[WHAT YOU WILL DO]: Once you reach the line with "嘆きの亡霊は引退したい ～最弱ハンターによる最強パーティ育成術～ 第39.1話", copy it and every line after it exactly, up to the end of the data. Omit the pictures.

[GIVEN ENTRIES]:
>>>

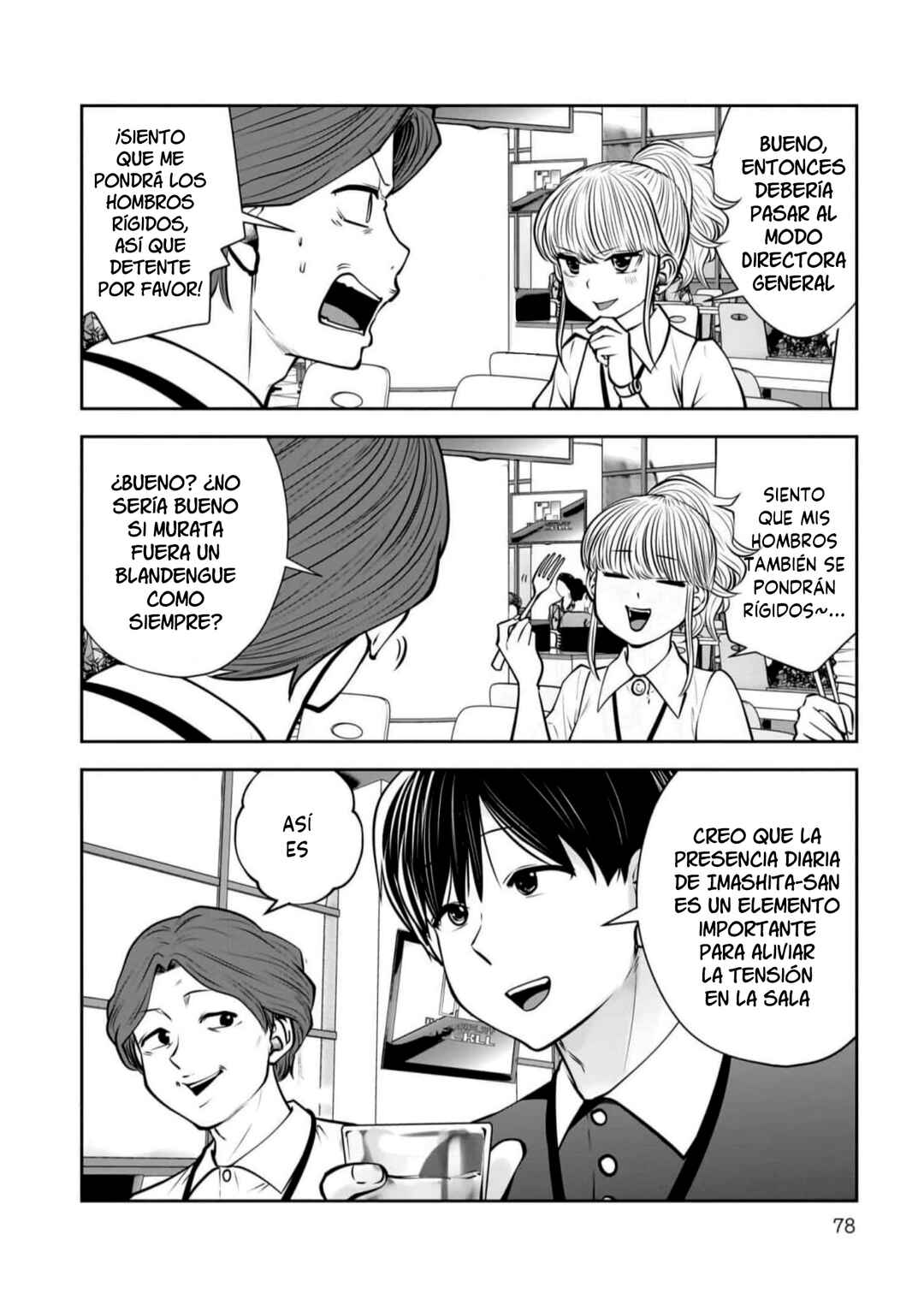 Kouiu no Ga Ii Chapter 27 - Page 39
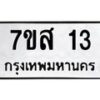 5.ทะเบียนรถ 13 ทะเบียนมงคล 7ขส 13 จากกรมขนส่ง-B0801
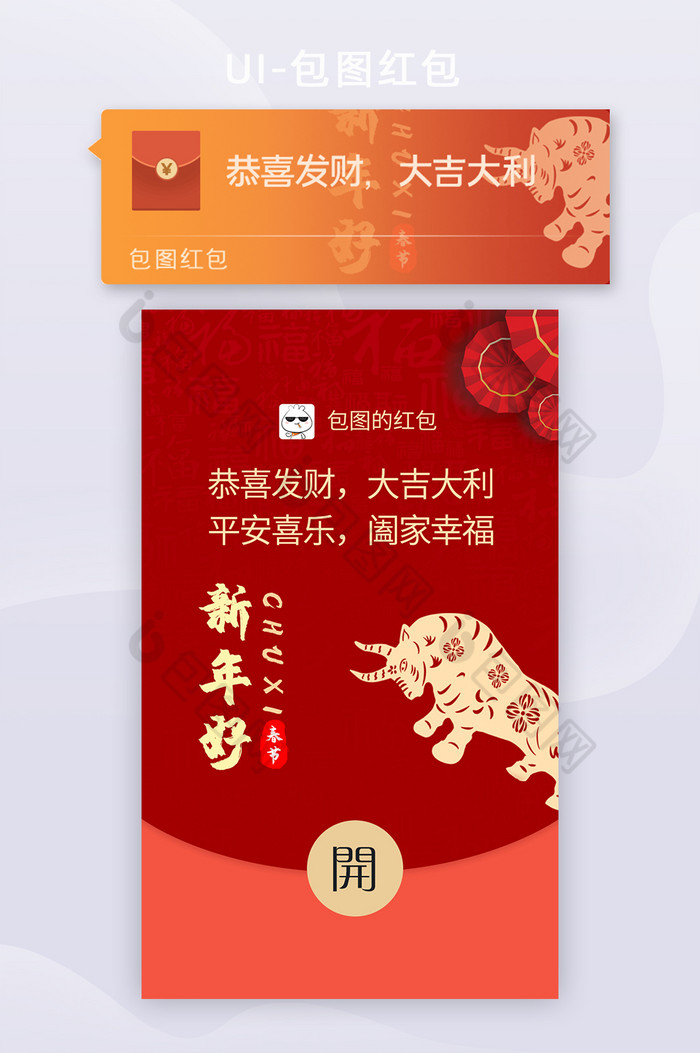 为什么微信发红包没有显示_微信发红包没显示怎么办_微信红包发出去没有显示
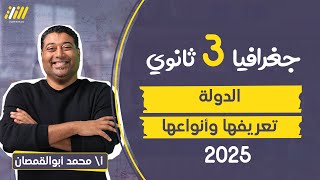 جغرافيا تالته ثانوي 2025  الدرس الاول  الدوله تعريفها و انواعها  محمد ابو القمصان الخطه [upl. by Iy]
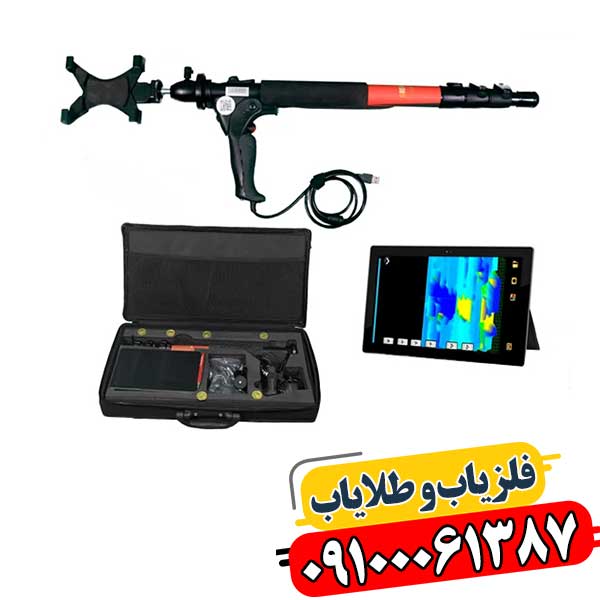 دستگاه فلزیاب Great 4‑S از برند Great Detectors در حالت آماده کاوش با صفحه نمایش و دسته ارگونومیک 09100061387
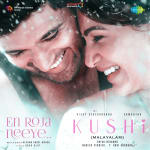 En Roja Neeye - Kushi (Malayalam)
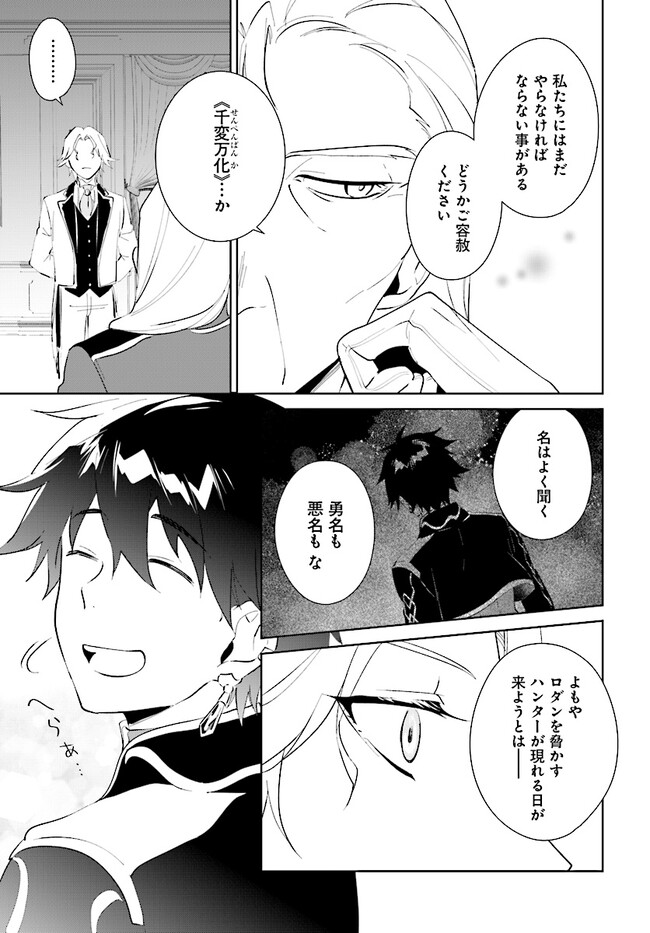 嘆きの亡霊は引退したい ～最弱ハンターによる最強パーティ育成術～ 第39.1話 - Page 17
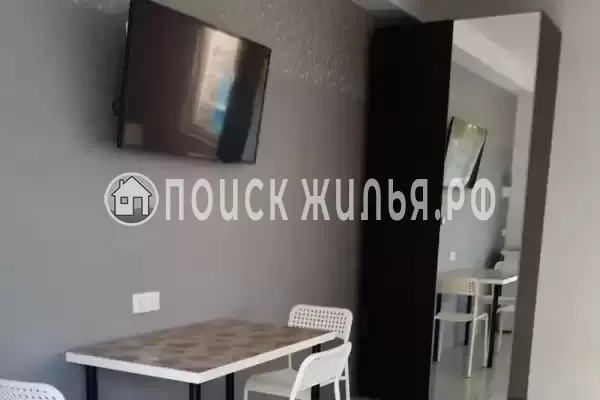 «Экзотика»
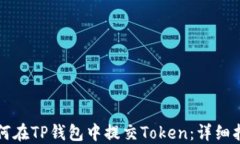 如何在TP钱包中提交Token：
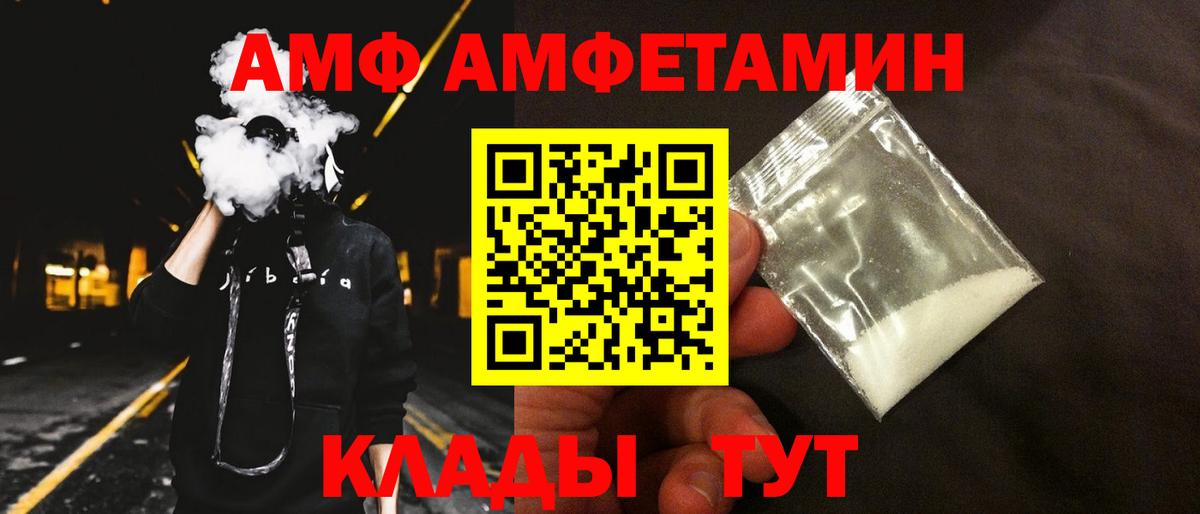 Амфетамин 98% Кизляр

<<<

[EXERCISE OUTPUT]:
 嘆きの亡霊は引退したい ～最弱ハンターによる最強パーティ育成術～ 第39.1話 - Page 17
 «Экзотика»
 如何在TP钱包中提交Token：
 Амфетамин 98% Кизляр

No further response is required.